Jenny retired to lie face down on her bunk and think about life.  Elspeth ditto.  Aged parent did the crossword in the cabin, Lucy entertained herself by standing on deck saying things like, “Wow, that’s a big wave,” and Peter, skipper’s cap firmly on his head, drove the boat.  Peter, thank goodness, absolutely loved driving the boat.  Very politely, at times during the following week, he’d offer to surrender the wheel and we, just as politely, reassured him that no, it was fine, he could do it.

I’d taken a shed-load of books to read but by jingo, I needn’t have bothered.  For one thing, I didn’t have time. On a beach, you see, the scenery stays still but on a boat, especially somewhere as gorgeous as the Great Glen, the scenery keeps nipping past you.  Or vice-versa, but you know what I mean.

And then there’s the ropes. The  front and back (or, to dazzle you with technical jargon, the prow and stern)  of the boat have ropes which have to be thrown off, passed round bollards and secured back on the boat, untied, hauled in, coiled up and this happens a lot. Obviously you have to tie the boat up when settling down for the night, but going through a lock requires an awful lot of rope-handling.  (Ironically, there aren’t any locks on the Lochs but there are on the canal.)  And tote that barge?  Yup, when it’s a series of locks, the only practical way to get the boat through is to haul it.  Ol’ Man River…

Oddly enough, the scourge of Scotland – midges- didn’t bother us.  I’ve been eaten alive in Fort William before now and had stocked up with enough repellent to equip an Amazon expedition.  I think the word got round and the midges retired, knowing when they were beaten, and went to chew on someone else instead.
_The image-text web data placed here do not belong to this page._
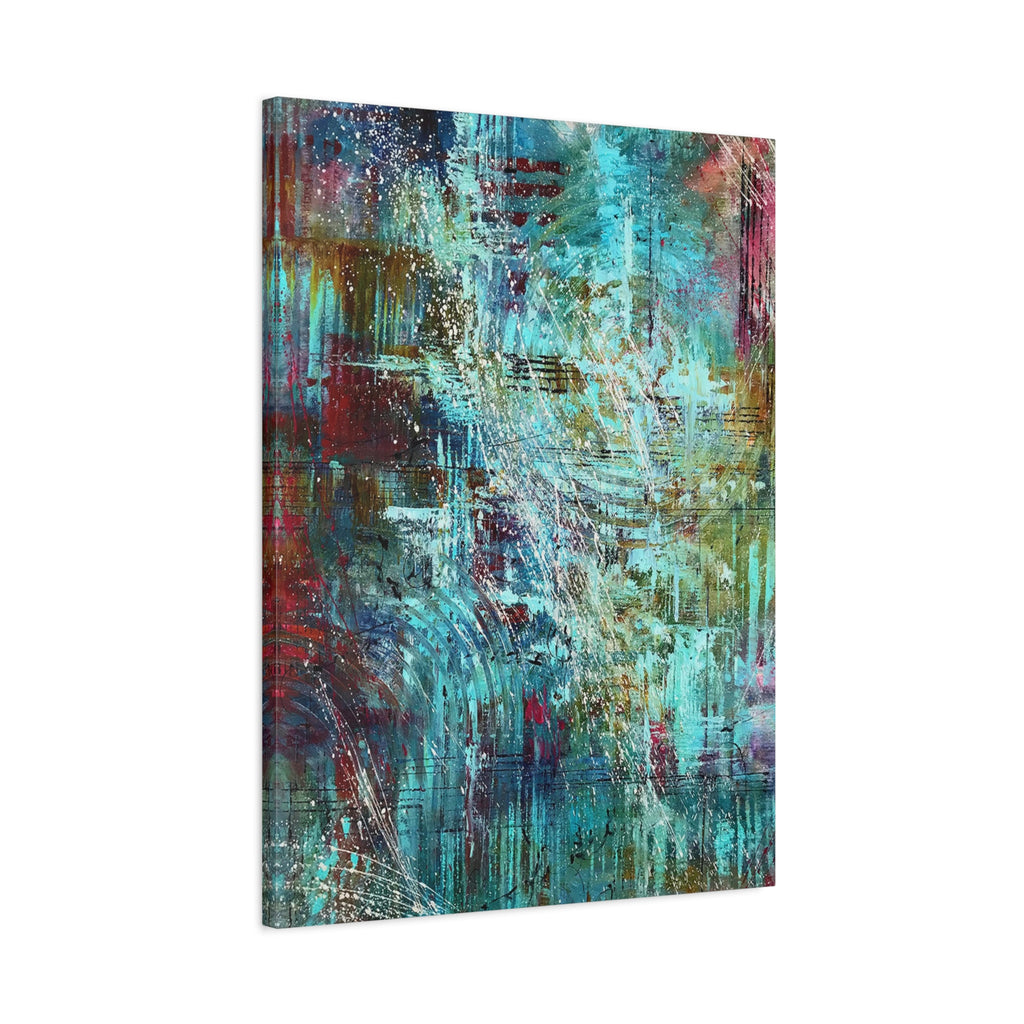 Abstract Teal & Gold Matte Canvas Art - Stretched Wall Decor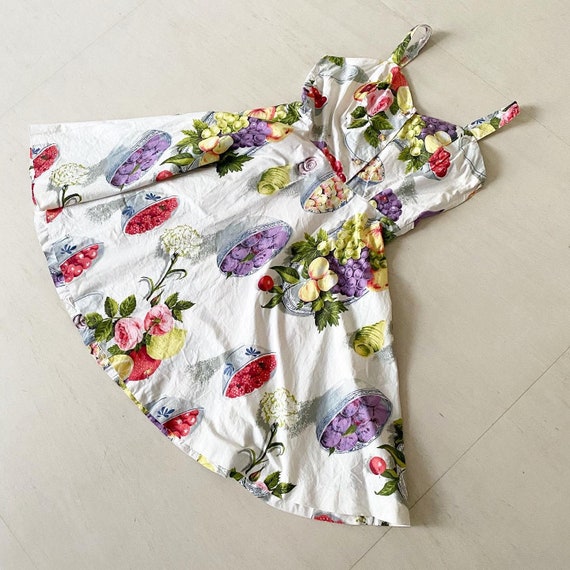 Summery FruitBowl Rose Print Frock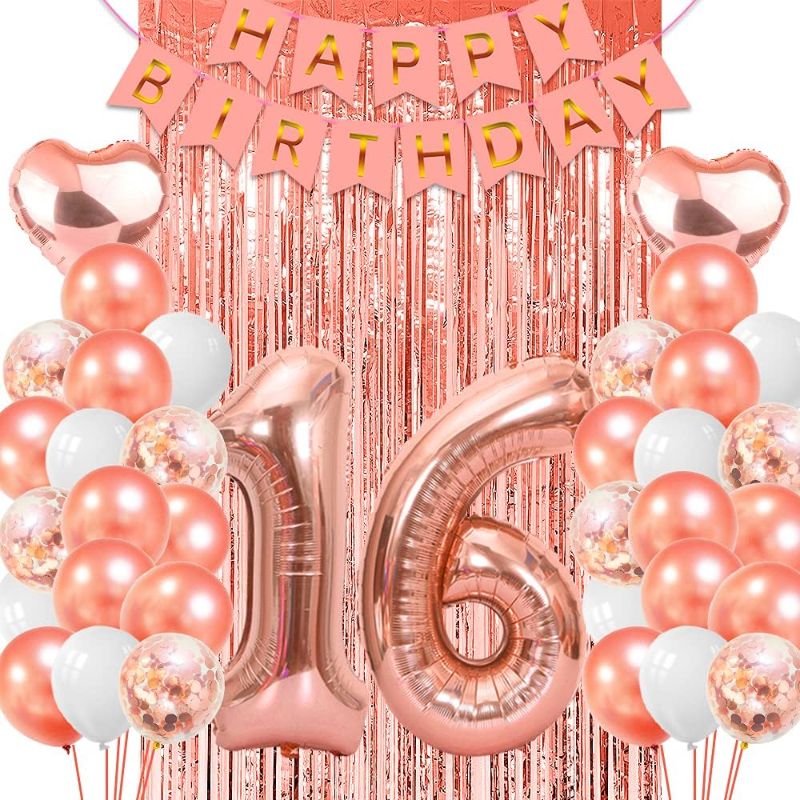 Photo 1 of 16 Birthday Decorations for Girls Happy Birthday Rose Gold Banner Balloons 16th Birthday Party Decorations 16 Balloon Numbers
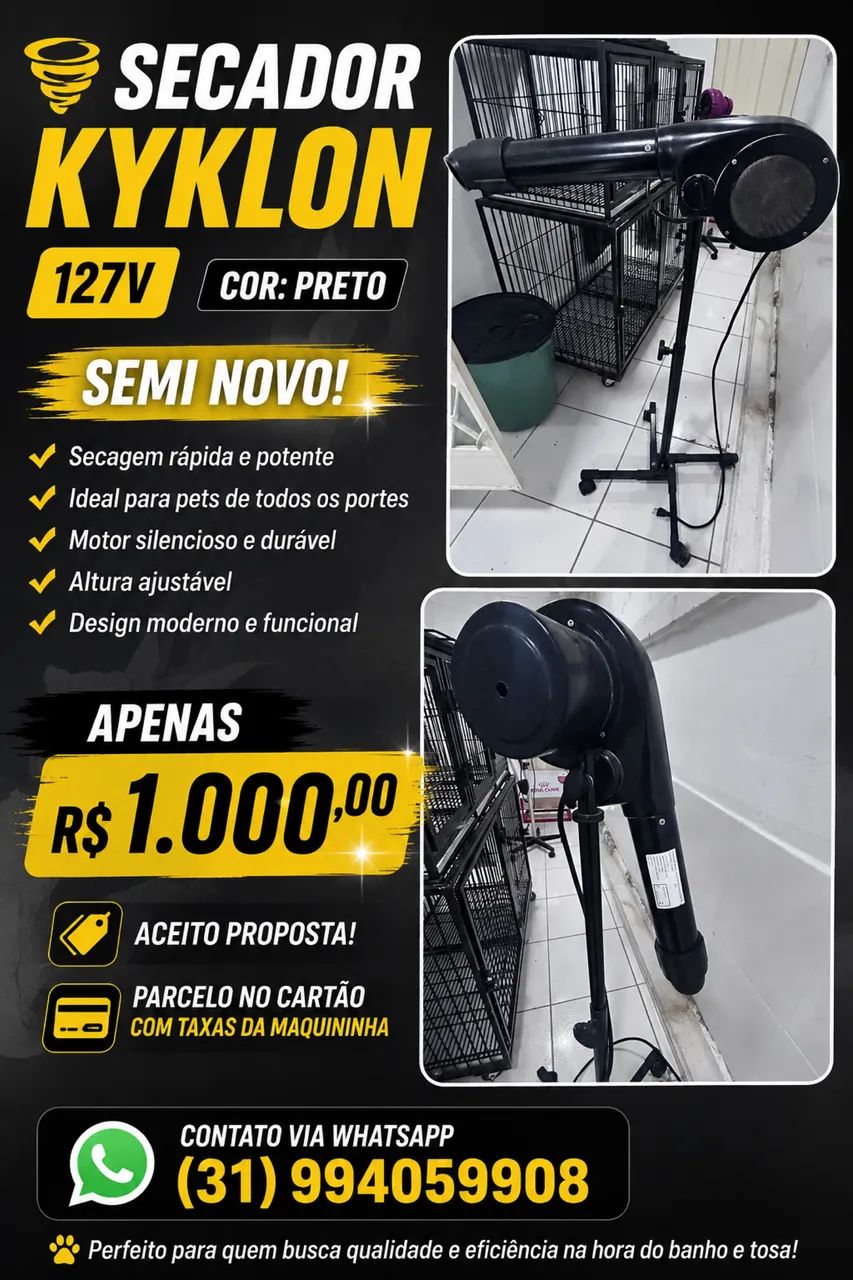 Secador plenitude preto 127v - ótimo estado de conservação  - Foto 4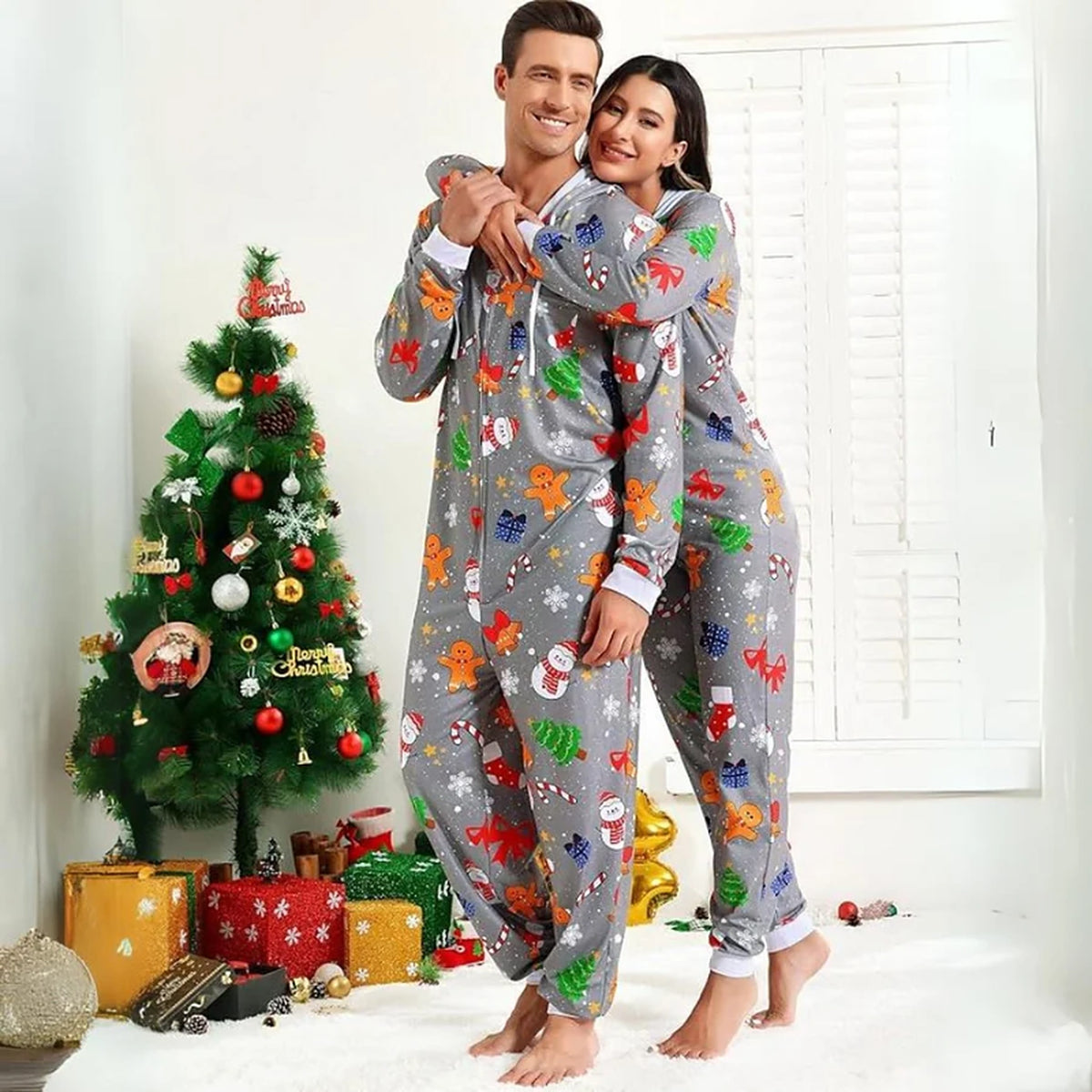 Onesie Volwassenen – Matching Kerstset voor Koppels met Rits (8)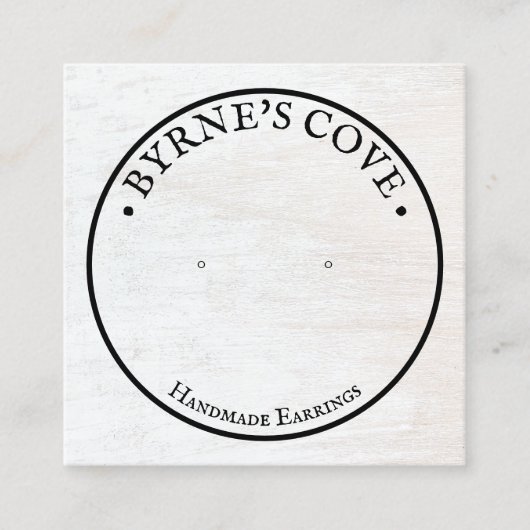 Rustikales Weißholz-Stuhlvorschau Quadratische Visitenkarte (Vorderseite)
It stopped raining for a couple of days and the place looked like paradise.  I shed two of the four layers of clothing I was wearing and got out the fishing rod.  Ho hum.  No fish in Scotland was harmed during the making of this holiday.  I caught some pond weed, but that was about it.  The fish and chip shops, on the other hand did a roaring trade.  We didn’t encounter the weirdness of the deep-fried Mars Bar but Lucy developed a liking for chip-shop haggis and black pudding.  It resembles fried loofah or a very old depth-charge and the innards, when you dig into it, look like old-fashioned mattress flocking.  It’s as well she had it on holiday because, believe you me, that’s one thing I’m certainly not going to try at home.